> [About this exercise]: In the records below, find the line with "Chanel Pearl Patent" and the line with "Rare hand drawn"; return exactly those lines and every line between them.

> [Extracted data]:

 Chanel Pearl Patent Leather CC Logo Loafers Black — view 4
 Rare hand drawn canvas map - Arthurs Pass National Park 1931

--

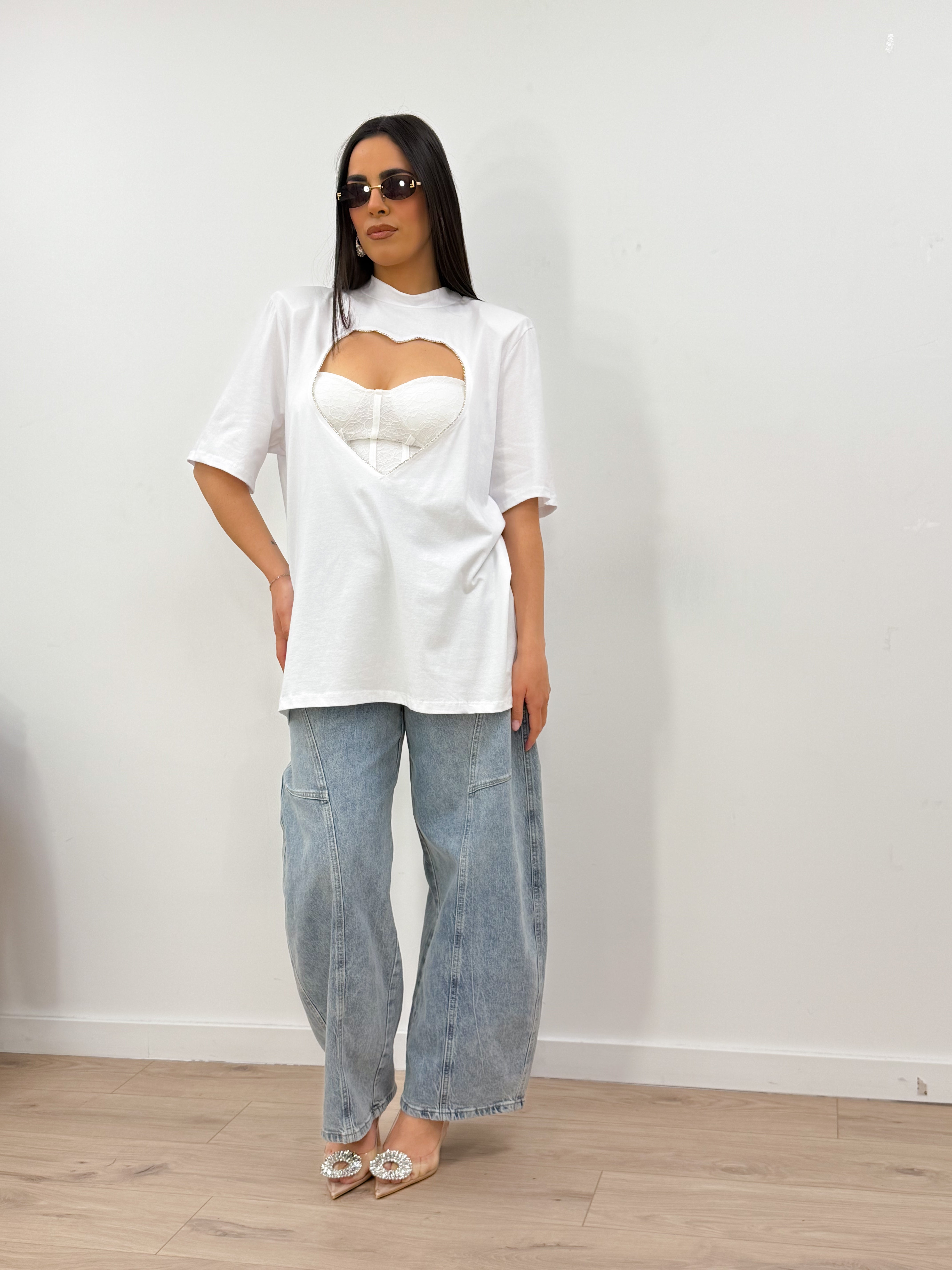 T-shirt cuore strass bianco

> [Task answer]:
 Chanel Pearl Patent Leather CC Logo Loafers Black — view 4
 Rare hand drawn canvas map - Arthurs Pass National Park 1931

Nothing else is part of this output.